What developers should be doing in readiness for Windows 7

I apologise. I’m sorry. I sympathise. I do, really. I completely understand that:

Discovering an application is broken that previously used to work great is simply not fun

and

Fixing the application to work again is also simply not fun

Especially if you didn’t originally write the application or if you did, it was many years back and you had hoped never to revisit the code again. Worse still, you don’t have the source code :-(

Sometimes the right thing is not fun

However, sometimes we have to do things which aren’t fun as they are the right thing to do. Which leads me to Windows Vista and Windows 7. We elected to go with some tough choices when we designed these operating systems that would tighten security and reliability but at the cost of breaking some applications which were running fine on Windows XP. Some of these application broke because the developers were using “bad practices” but some broke simply because we had chosen to introduce a better and different architecture with Windows Vista.
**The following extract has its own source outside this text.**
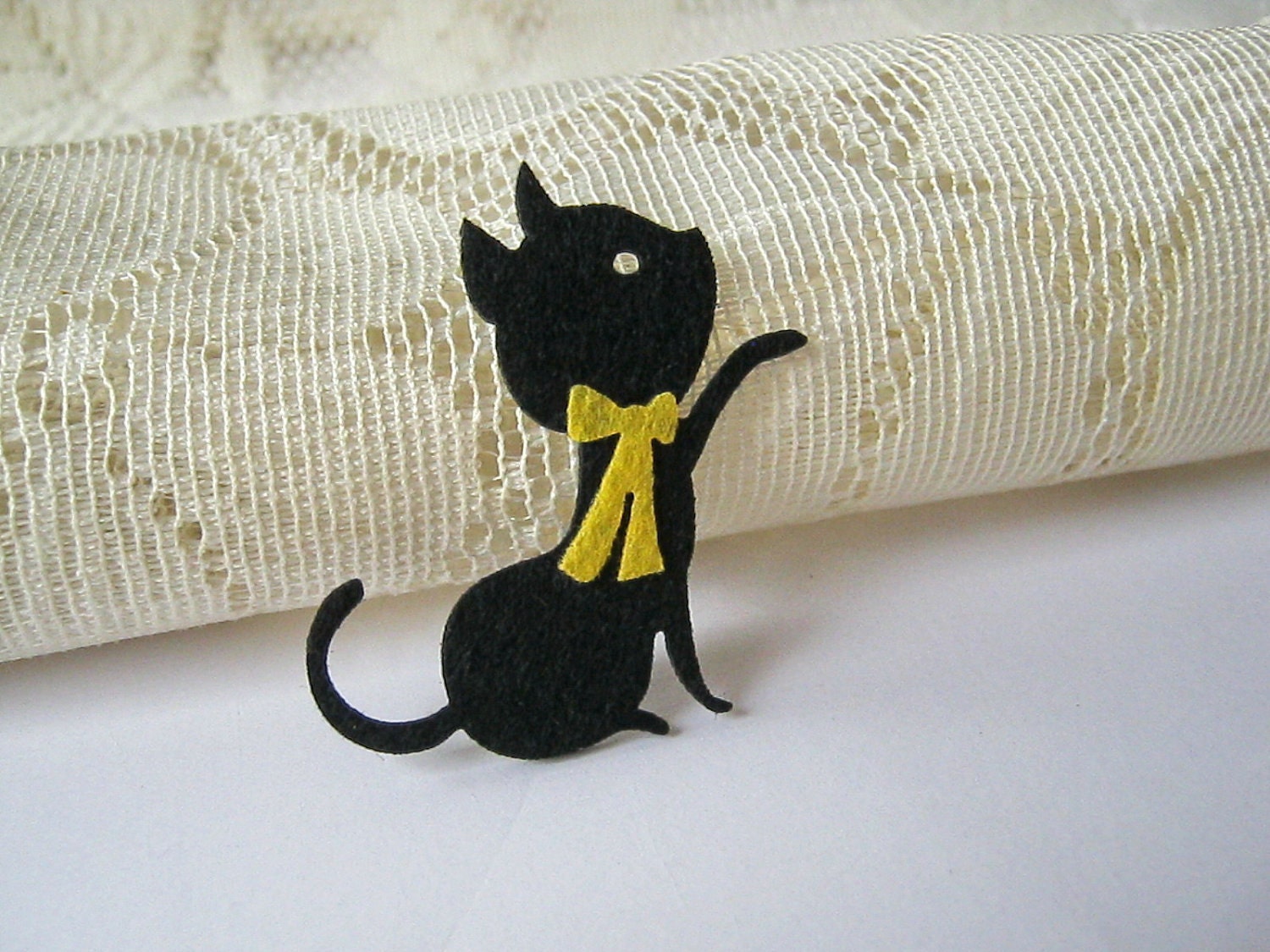 Iron on Applique Cutie Black Kitten , kid, woman, baby,cutie cat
In either case we did try very hard to help developers determine if their applications broke on Windows Vista and gave them the advice and tools and assistance to help them get those applications working again. Which didn’t transform it into “fun” but did make it doable.
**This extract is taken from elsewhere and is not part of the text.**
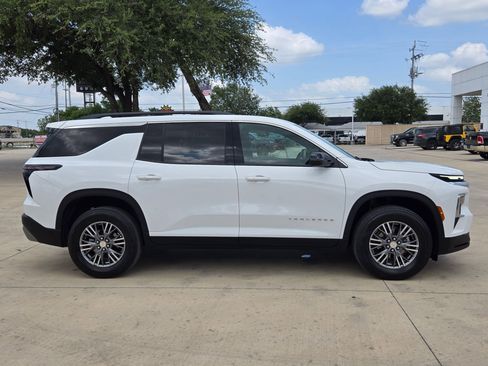 Certified 2025 Chevrolet Traverse LT FWD image 8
Windows Vista shipped in January 2007 and at the time there were a lot of applications in the consumer and business space that didn’t work with Vista. Equally there were a lot that did. As of Feb 2007 we had listed 800 working applications. It is two years on and things are much improved. It is very rare for me to install a consumer application that does not work with Windows Vista. To be honest I can’t recall the last time I did. However, things are still a little different in the world of business. If a company has written its own catalogue of applications (often running in to hundreds or thousands) and has not yet rolled out Vista, then I often find that the developers have been given little or no time to test the catalogue against Vista. Windows 7 is now almost with us and I think that combined with the imminent release of SP2 for Windows Vista, it is encouraging companies to accelerate their move off Windows XP to Vista or direct to Windows 7. FYI, Windows XP was released October 2001.
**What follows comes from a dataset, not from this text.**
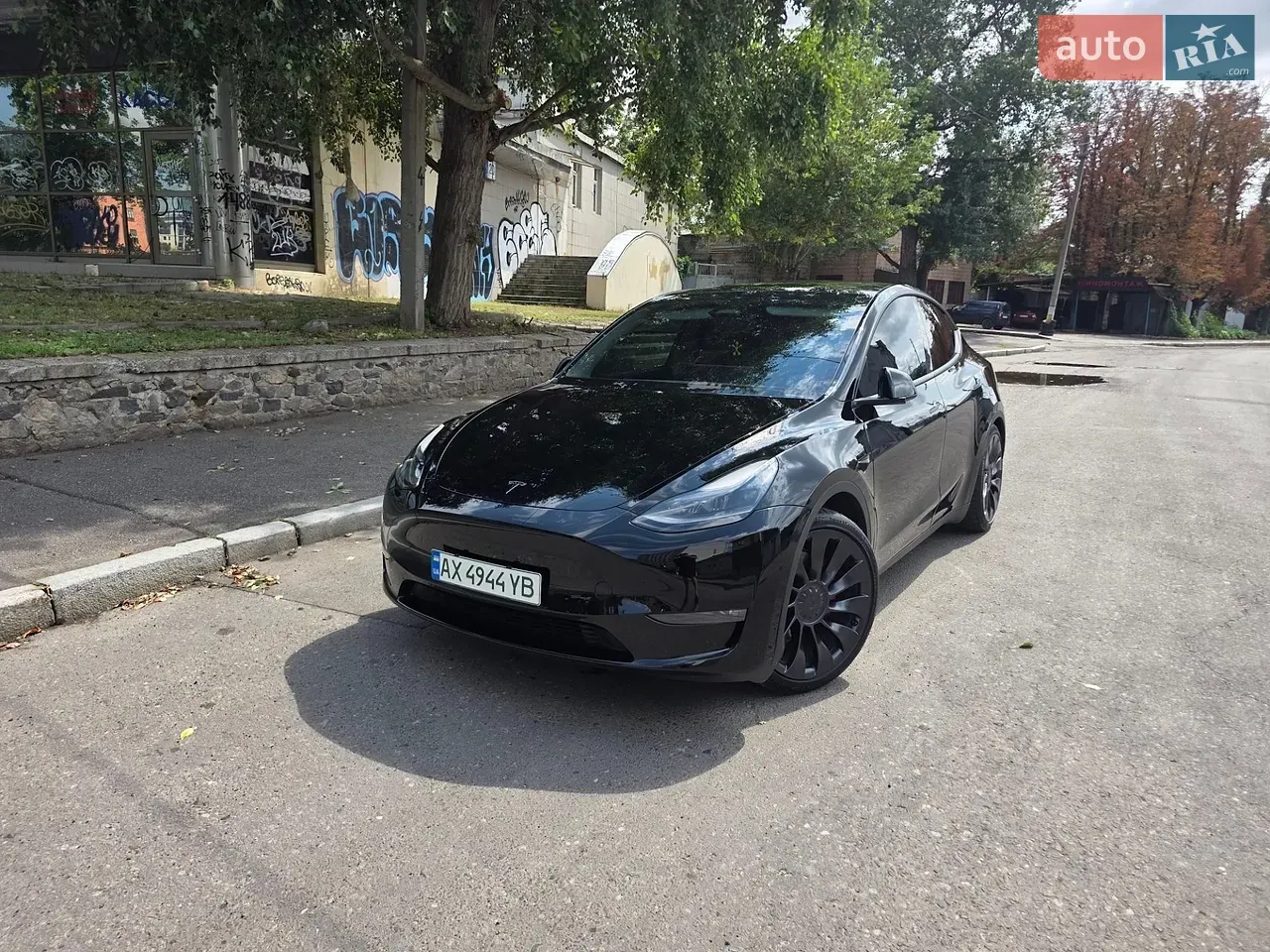 Tesla Model Y 2023 photo 4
Windows 7 and compatibility

I was heavily involved in the Microsoft UK efforts to help ISVs get their applications compatible with Windows Vista. However I moved on to a different team last year and have not been involved with the Windows 7 compatibility efforts. BUT … I know a man who is. My old colleague Dave Allen is heavily involved in Windows 7 compatibility and owns delivering labs to help partners get their applications working. I caught up with him last week to get the “low down” on what has changed, and what has not. I have created a companion post with a transcript of the interview that contains plenty of good advice and info. But the key points are:

  • Most applications can be made to work in a day or two
  • If it works on Windows Vista then it will likely work on Windows 7
  • Start testing with Windows Vista, then test for Windows 7
  • There are simple things to try - Run as Admin and Windows XP SP2 Compatibility Fix
  • Change your code to check for minimum requirements not specific versions

If you have applications that work great on Windows XP but you have not yet tried on Windows Vista, then maybe it is time you stopped having fun for a while :-)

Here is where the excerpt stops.